# The reason to breed...



## Howard Gaines III (Dec 26, 2007)

*Okay folks here's yer sign...And yet another stupid call about Bouvier puppies and this one's from Salisbury, Maryland. Understand I am NOT making this up...here's the call:*

A woman called yesterday and wanted a female Bouvier puppy. I asked what she planned to do with this female as it was from working lines and has lots of drive and she replied," Oh, I want to have one litter of puppies. I think it is very important for kids to see that type of thing. This is why I want a female." As near to her reply as I could keep it! :-o 

At that point my business nature kicked into overdrive and the salesman in me went..."Why don't you take your kid to the local SPCA? There you will find *LOTS* of puppies and examples of the process of K-9 life. In addition, you can schedule an appointment to watch them *KILL OFF* hundreds of fluffy little puppies each week. You will save yourself $1,500 and I won't have to worry about something from *MY* breeding going into the *WRONG* hands!"  

The call ended as quickly as I took it. Do you think she will order one from me?  [-o< [-( 

So why do you breed? To take the endless stupid calls, from mindless folks, who don't have a clue in this world about *K-9 ANYTHING!*


----------



## Selena van Leeuwen (Mar 29, 2006)

That's almost as stupid as the following conversation on the phone:

"hello, i want a breeding of one of your males, my female is in her 11th day of her heat so it has to be this week" (never talked to the person before)

me: "Which male, what are your females bloodlines, is she healthy, have you x=rays on her?"

"a nice dark male, I don't know bloodlines, she's a pet, x ray ahhh not necessary, just want to show the kids how nice it is to have a litter"

me: " Well thank you for your intrerest, but your female won't be bred by one of my males, she isn't worth it"

We dont use our dogs if females aren't suitable by bloodline or health requirment, people just think well you can make 200 euro, so why don't use your male.
There are enough stud owners who does, we just don't. Have the same high standard for using my male, than for breedings we do.


----------



## Geoff Empey (Jan 8, 2008)

Howard Gaines III said:


> I asked what she planned to do with this female as it was from working lines and has lots of drive and she replied," Oh, I want to have one litter of puppies. I think it is very important for kids to see that type of thing. This is why I want a female." As near to her reply as I could keep it! :-o


That's funny as at first that is the same reason why my wife would consider breeding our bitch!! 

Thank god I'm here to temper the need to have National Geographic in our living room. 

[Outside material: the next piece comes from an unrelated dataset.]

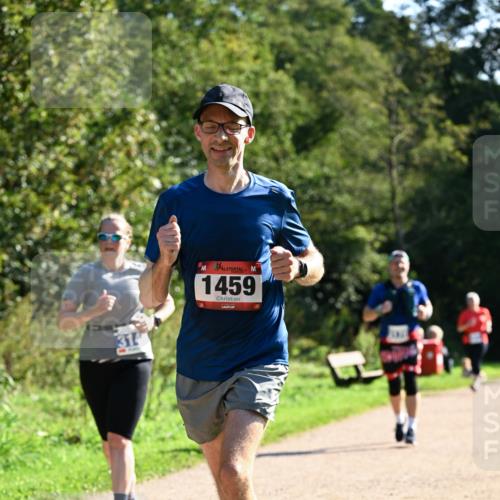 27.09.2026 - 35. Volkslauf durch das schöne Alstertal Dr. Thomas Lammeyer http://msf.ph/oto/10575036 27.09.2026 11:35:57 Laufen 314, 1459 meine-sportfotos.de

If and I mean *'IF'* we would breed her it would have to be for the right reasons. Meaning she'd have to pass all OFA tests and then be at least 3 years old to make sure there is no hidden health issues that could crop up. Plus she needs to be titled and not in floofy moronic conformation. For sure titled in protection sport. I'd like to put a herding and some other obedience titles on her. As well as being TT tested at 3 years as well.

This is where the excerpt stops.